Requisitoria al processo in rito abbreviato in corso a Milano. Per l'accusa, l'immigrato ghanese era parzialmente capace di intendere e di volere quando, l'11 maggio 2013, uccise tre passanti a Niguarda. La difesa: "Totalmente incapace". Udienza rinviata per consentire le traduzioni
Vent’ anni di reclusione per Adam Kabobo, l’uomo che l’11 maggio dell’anno scorso a Milano ha ucciso a picconate tre passanti. E’ la richiesta del pm Isidoro Palma nel processo con rito abbreviato (che implica la riduzione della pena di un terzo) in corso nel capoluogo lombardo. Il pm ha chiesto il riconoscimento della seminfermità mentale e anche la condanna a sei anni da passare in una casa di cura dopo l’espiazione della pena. Il processo è stato poi aggiornato al 31 marzo per tradurre all’imputato le memorie scritte dei legali di parte civile e della difesa rappresentata dagli avvocati Benedetto Ciccarone e Francesca Colasuonno.
Nella requisitoria svolta a porte chiuse davanti al gup Manuela Scudieri, a quanto è emerso il pm si è richiamato principalmente alla perizia depositata lo scorso ottobre, firmata dallo psichiatra Ambrogio Pennati e dalla criminologa Isabella Merzagora, che aveva riconosciuto la seminfermità mentale, ma aveva anche sottolineato che la capacità di intendere del ghanese non era “totalmente assente” e quella di volere era “sufficientemente conservata”.

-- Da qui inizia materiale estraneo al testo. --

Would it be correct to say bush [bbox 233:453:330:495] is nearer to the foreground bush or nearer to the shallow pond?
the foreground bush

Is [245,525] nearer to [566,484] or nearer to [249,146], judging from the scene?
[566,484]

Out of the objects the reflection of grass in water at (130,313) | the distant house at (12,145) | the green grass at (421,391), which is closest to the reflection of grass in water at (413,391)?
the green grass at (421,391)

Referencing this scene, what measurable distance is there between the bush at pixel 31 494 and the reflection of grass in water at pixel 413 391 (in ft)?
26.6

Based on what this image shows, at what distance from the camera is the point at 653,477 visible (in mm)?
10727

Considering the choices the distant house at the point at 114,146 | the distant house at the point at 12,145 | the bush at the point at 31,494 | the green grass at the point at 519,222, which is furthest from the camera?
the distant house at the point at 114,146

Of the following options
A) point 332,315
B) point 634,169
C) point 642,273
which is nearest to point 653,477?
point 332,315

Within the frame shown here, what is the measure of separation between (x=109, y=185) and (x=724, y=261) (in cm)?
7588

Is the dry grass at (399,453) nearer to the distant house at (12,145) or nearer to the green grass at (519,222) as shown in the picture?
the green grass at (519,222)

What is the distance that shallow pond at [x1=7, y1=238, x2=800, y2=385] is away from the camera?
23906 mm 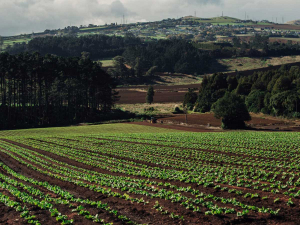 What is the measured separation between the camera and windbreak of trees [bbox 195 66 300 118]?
334 feet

Il pm ha indicato in particolare tre elementi come moventi delle atroci aggressioni, perpetrate nel quartiere periferico di Niguarda, costate la vita a Daniele Carella di 21 anni, Alessandro Carolè di 40 ed Ermanno Masini di 64: il rancore verso la società da parte di Kabobo, che nei colloqui con lo psichiatra parlava anche di un odio verso i “bianchi” dettato dalle voci che avrebbe sentito; una finalità depredatoria che si è manifestata nel rubare i cellulari alle vittime; l’esigenza da parte di Kabobo “di attirare su di sé l’attenzione” attraverso quegli omicidi, proprio perché non si sentiva accettato dalla società. Inoltre, secondo il pm, malgrado Kabobo soffra di una forma di schizofrenia, avrebbe agito con lucidità perché ad esempio quando uno dei passanti che aveva cercato di aggredire si è riparato all’interno di un portone, il ghanese se ne è andato cercando altri obiettivi per le sue aggressioni. Altri tre passanti, infatti, quel giorno erano riusciti a salvarsi dalla sua follia.
”E’ una richiesta di condanna che ci aspettavamo, ma nella prossima udienza dovremo discutere noi e poi spetterà al giudice decidere”, hanno commentato i legali di Kabobo con i cronisti. All’imputato, hanno aggiunto, non è stata data nemmeno la possibilità di “comprendere quanto avviene in udienza e quello che ha detto il pm”, perché oggi in aula “c’era un nuovo perito traduttore che però non riusciva bene a comprendere l’italiano”. Tanto che il gup ha dovuto aggiornare il processo al 31 marzo per il deposito di memorie scritte delle parti da tradurre. Per la difesa, inoltre, Kabobo era totalmente incapace di intendere e di volere (e non solo parzialmente, come da richiesta del pm) al momento delle aggressioni, una tesi che porteranno avanti nelle loro conclusioni nella prossima udienza. Inoltre, resta “aperta la partita in Cassazione” per chiedere che Kabobo vada in un ospedale psichiatrico giudiziario per una “terapia riabilitativa” durante la custodia cautelare.
Nelle scorse settimane, però, il tribunale del Riesame ha respinto la richista di trasferimento di Kabobo in un opg. La pena richista di 20 anni, ha detto ai cronisti Andrea Masini, figlio di una delle vittime, “è insufficiente” perché “uno che ha ammazzato tre persone e ha tentato di ucciderne altre tre deve finire i suoi giorni in carcere”. Secondo Masini, inoltre, il vero “problema è l’immigrazione, e lo Stato non fa nulla e non è in grado di gestirlo”. Il segretario della Lega nord Matteo Salvini fa sapere che Kabobo “deve marcire ingalera e non deve più vedere la luce del sole da uomo libero” (ma il rito abbreviato prevede come pena massima 30 anni di carcere, che sostituiscono l’ergastolo, ndr), e che debba anche scontare la pena “preferibilmente nel suo paese, così almeno non lo manteniamo”.